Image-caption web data

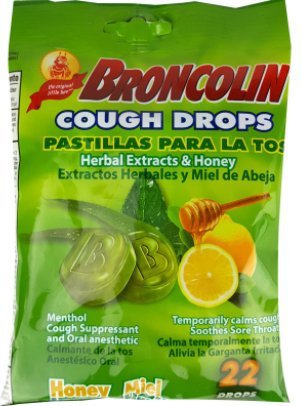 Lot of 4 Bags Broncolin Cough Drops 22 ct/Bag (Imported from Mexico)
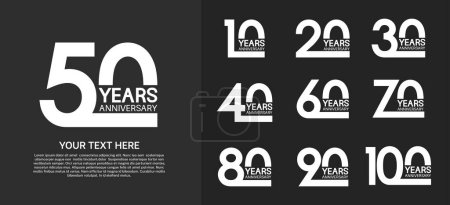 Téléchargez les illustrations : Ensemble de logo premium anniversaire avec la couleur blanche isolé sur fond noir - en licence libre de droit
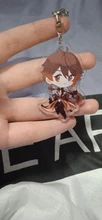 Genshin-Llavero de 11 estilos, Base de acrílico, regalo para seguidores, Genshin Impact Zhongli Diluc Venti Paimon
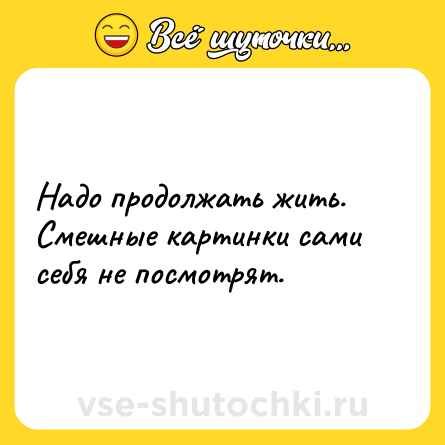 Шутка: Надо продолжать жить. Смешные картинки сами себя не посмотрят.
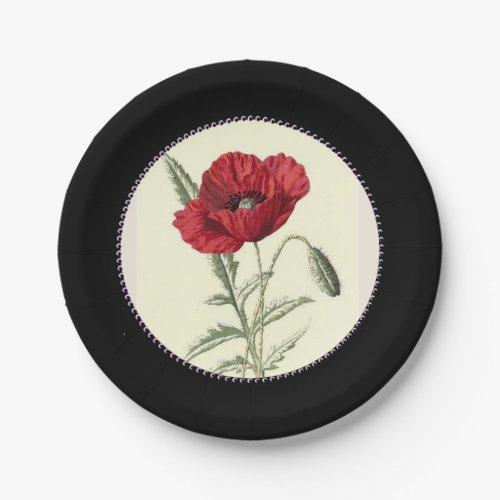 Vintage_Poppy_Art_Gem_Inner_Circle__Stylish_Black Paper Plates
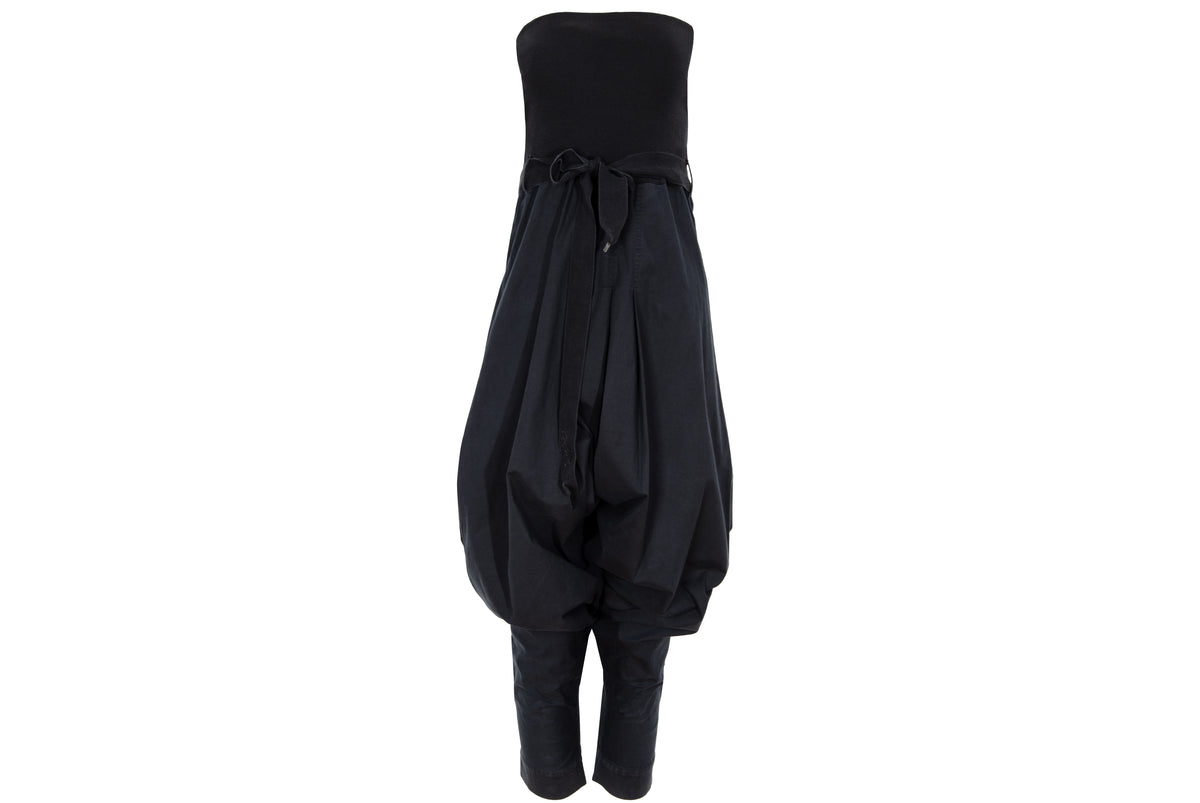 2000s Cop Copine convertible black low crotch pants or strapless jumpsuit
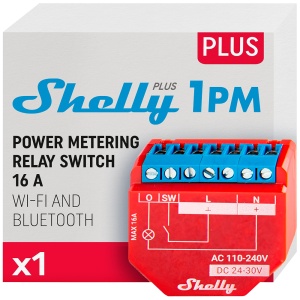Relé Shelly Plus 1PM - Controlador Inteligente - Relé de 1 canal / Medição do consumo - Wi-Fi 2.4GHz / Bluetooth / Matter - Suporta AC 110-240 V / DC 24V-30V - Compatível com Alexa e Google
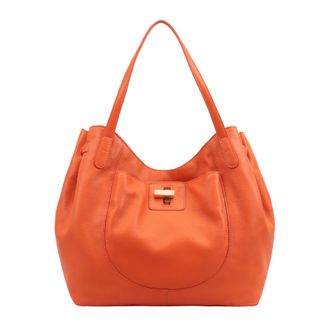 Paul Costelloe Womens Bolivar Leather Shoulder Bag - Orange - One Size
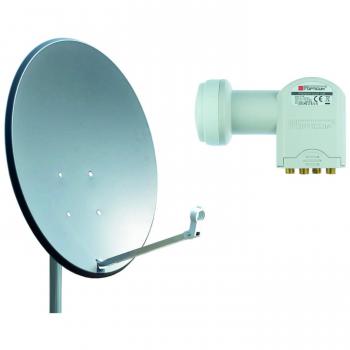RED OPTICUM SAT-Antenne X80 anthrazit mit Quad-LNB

▶ _Work to complete_:
Instructions for the copy: start at the first entry, stop after the line containing "Relé Shelly Plus", keep every line exact, and drop the pictures.

▶ _Output of the task_:
 Lot of 4 Bags Broncolin Cough Drops 22 ct/Bag (Imported from Mexico)
 Téléchargez les illustrations : Ensemble de logo premium anniversaire avec la couleur blanche isolé sur fond noir - en licence libre de droit
 Genshin-Llavero de 11 estilos, Base de acrílico, regalo para seguidores, Genshin Impact Zhongli Diluc Venti Paimon
 Шутка: Надо продолжать жить. Смешные картинки сами себя не посмотрят.
 Vintage_Poppy_Art_Gem_Inner_Circle__Stylish_Black Paper Plates
 2000s Cop Copine convertible black low crotch pants or strapless jumpsuit
Relé Shelly Plus 1PM - Controlador Inteligente - Relé de 1 canal / Medição do consumo - Wi-Fi 2.4GHz / Bluetooth / Matter - Suporta AC 110-240 V / DC 24V-30V - Compatível com Alexa e Google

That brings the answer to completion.